Start of Block

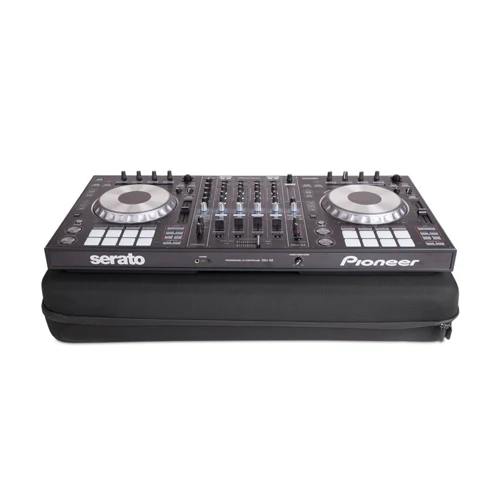 UDG Creator Controller Hardcase 2XL Black MK2 - U8304BL - Image 2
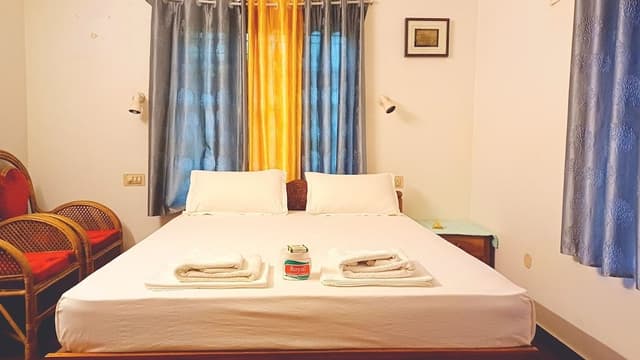 Standard Room (A/C)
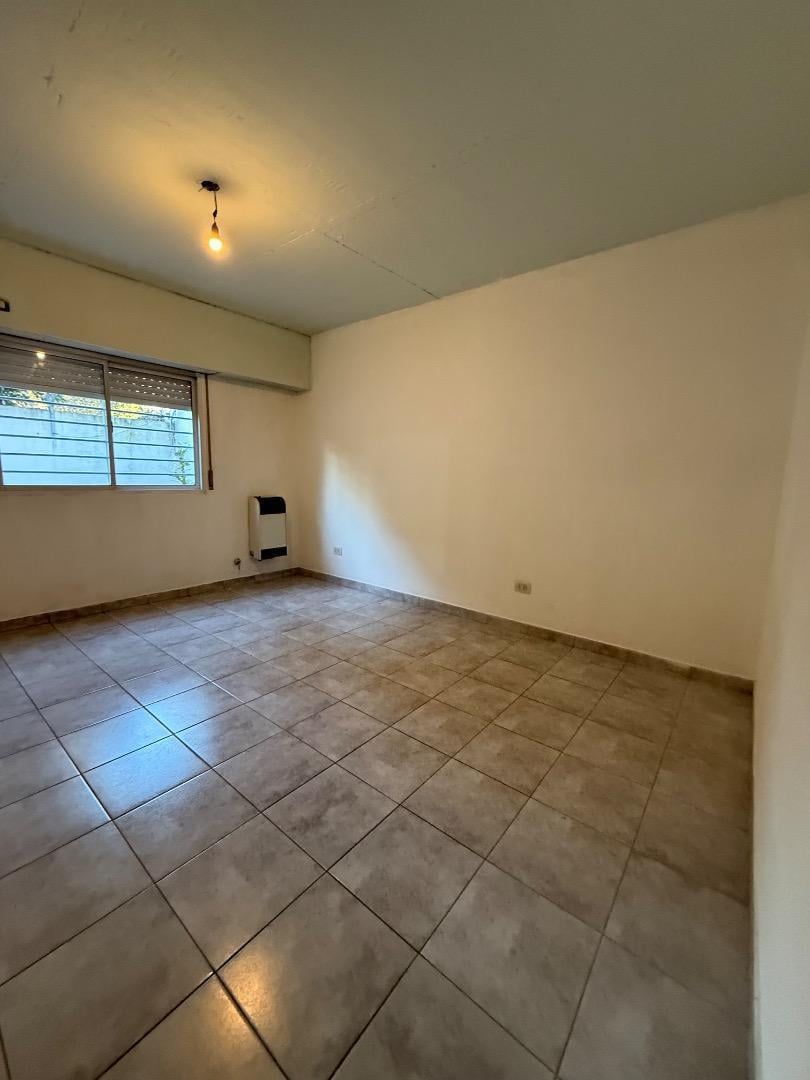 Foto de Departamento amplio 3 ambientes con jardín en Monte Grande, imagen 4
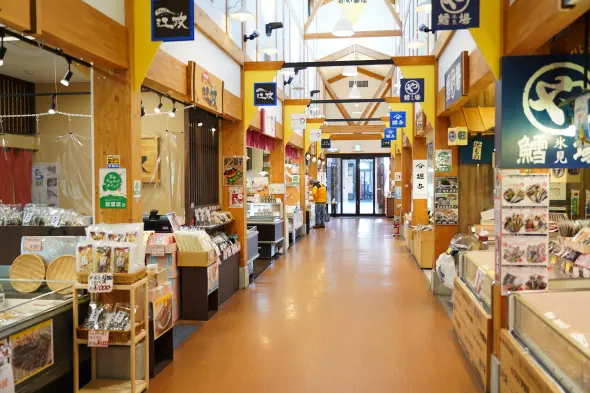 Himi Banya-gai Harbour Market and Soyu Onsen Village-2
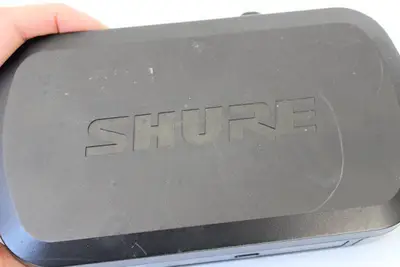 Shure PG4, Internal Antenna Diversity 662 - 874 MHZ Powers Up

End of Block

### WORK TASK
Your reply should consist solely of the lines from the line containing "Himi Banya-gai Harbour" through the last line of the listing, unchanged and free of pictures.

### EXERCISE SOLUTION
 Himi Banya-gai Harbour Market and Soyu Onsen Village-2
 Shure PG4, Internal Antenna Diversity 662 - 874 MHZ Powers Up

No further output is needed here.